Instructions for the task
Go through the records and report each line in which the word "Used" occurs.

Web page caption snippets
★ ★ ★

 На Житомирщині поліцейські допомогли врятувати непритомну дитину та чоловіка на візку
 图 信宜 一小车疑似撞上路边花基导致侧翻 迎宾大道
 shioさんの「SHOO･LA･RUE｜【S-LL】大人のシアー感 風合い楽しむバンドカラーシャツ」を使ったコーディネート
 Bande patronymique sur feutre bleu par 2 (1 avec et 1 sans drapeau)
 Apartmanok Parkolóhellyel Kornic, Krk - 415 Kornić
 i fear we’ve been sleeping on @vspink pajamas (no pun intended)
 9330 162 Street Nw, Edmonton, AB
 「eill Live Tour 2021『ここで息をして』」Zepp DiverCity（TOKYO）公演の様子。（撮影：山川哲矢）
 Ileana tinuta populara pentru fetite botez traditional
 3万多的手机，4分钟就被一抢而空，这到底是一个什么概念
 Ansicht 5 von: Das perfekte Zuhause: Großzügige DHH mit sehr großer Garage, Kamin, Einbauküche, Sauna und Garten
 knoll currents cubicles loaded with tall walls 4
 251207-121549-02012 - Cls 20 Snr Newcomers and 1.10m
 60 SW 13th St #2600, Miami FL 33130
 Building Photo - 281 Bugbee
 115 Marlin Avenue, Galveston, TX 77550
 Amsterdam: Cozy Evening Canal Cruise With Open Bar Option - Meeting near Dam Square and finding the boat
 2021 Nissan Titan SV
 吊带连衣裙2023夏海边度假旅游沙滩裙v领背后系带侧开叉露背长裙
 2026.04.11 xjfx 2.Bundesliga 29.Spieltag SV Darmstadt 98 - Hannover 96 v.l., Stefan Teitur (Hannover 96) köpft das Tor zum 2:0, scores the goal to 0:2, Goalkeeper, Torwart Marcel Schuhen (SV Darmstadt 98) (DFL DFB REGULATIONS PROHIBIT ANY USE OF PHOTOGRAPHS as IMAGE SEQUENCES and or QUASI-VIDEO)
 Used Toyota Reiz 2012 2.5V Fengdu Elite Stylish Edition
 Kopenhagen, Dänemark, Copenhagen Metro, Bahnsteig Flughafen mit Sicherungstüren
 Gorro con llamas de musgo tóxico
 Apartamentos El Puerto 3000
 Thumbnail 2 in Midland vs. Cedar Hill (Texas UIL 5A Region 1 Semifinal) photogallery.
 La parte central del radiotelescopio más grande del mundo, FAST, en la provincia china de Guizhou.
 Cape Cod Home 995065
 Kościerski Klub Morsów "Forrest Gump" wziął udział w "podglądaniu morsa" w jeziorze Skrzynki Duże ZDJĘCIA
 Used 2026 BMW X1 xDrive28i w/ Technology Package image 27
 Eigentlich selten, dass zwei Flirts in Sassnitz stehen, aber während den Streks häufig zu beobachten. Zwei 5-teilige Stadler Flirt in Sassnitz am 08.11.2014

★ ★ ★

Solution to the problem
 Used Toyota Reiz 2012 2.5V Fengdu Elite Stylish Edition
 Used 2026 BMW X1 xDrive28i w/ Technology Package image 27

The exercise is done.